*WORK INSTRUCTION:*
Which lines run from the one containing "IBM OS/390 10.6% ? (<14.9) - (?)" to the end of the records? Write them out exactly, both ends included, and nothing else.

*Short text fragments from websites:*
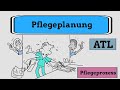 Pflegeplanung Mit ATL Pflegeprozess Nach Fiechter Und Meier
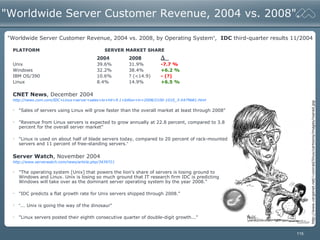 115
PLATFORM SERVER MARKET SHARE
2004 2008 ∆
Unix 39.6% 31.9% -7.7 %
Windows 32.2% 38.4% +6.2 %
IBM OS/390 10.6% ? (<14.9) - (?)
Linux 8.4% 14.9% +6.5 %
CNET News, December 2004
http://news.com.com/IDC+Linux+server+sales+to+hit+9.1+billion+in+2008/2100-1010_3-5479681.html
• "Sales of servers using Linux will grow faster than the overall market at least through 2008"
• "Revenue from Linux servers is expected to grow annually at 22.8 percent, compared to 3.8
percent for the overall server market"
• "Linux is used on about half of blade servers today, compared to 20 percent of rack-mounted
servers and 11 percent of free-standing servers.“
Server Watch, November 2004
http://www.serverwatch.com/news/article.php/3439721
• "The operating system [Unix] that powers the lion's share of servers is losing ground to
Windows and Linux. Unix is losing so much ground that IT research firm IDC is predicting
Windows will take over as the dominant server operating system by the year 2008."
• "IDC predicts a flat growth rate for Unix servers shipped through 2008."
• “... Unix is going the way of the dinosaur"
• "Linux servers posted their eighth consecutive quarter of double-digit growth..."
"Worldwide Server Customer Revenue, 2004 vs. 2008".
http://www.vergenet.net/~conrad/linux/cartoons/images/roared.jpg
"Worldwide Server Customer Revenue, 2004 vs. 2008, by Operating System“, IDC third-quarter results 11/2004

*WRITTEN ANSWER:*
IBM OS/390 10.6% ? (<14.9) - (?)
Linux 8.4% 14.9% +6.5 %
CNET News, December 2004
http://news.com.com/IDC+Linux+server+sales+to+hit+9.1+billion+in+2008/2100-1010_3-5479681.html
• "Sales of servers using Linux will grow faster than the overall market at least through 2008"
• "Revenue from Linux servers is expected to grow annually at 22.8 percent, compared to 3.8
percent for the overall server market"
• "Linux is used on about half of blade servers today, compared to 20 percent of rack-mounted
servers and 11 percent of free-standing servers.“
Server Watch, November 2004
http://www.serverwatch.com/news/article.php/3439721
• "The operating system [Unix] that powers the lion's share of servers is losing ground to
Windows and Linux. Unix is losing so much ground that IT research firm IDC is predicting
Windows will take over as the dominant server operating system by the year 2008."
• "IDC predicts a flat growth rate for Unix servers shipped through 2008."
• “... Unix is going the way of the dinosaur"
• "Linux servers posted their eighth consecutive quarter of double-digit growth..."
"Worldwide Server Customer Revenue, 2004 vs. 2008".
http://www.vergenet.net/~conrad/linux/cartoons/images/roared.jpg
"Worldwide Server Customer Revenue, 2004 vs. 2008, by Operating System“, IDC third-quarter results 11/2004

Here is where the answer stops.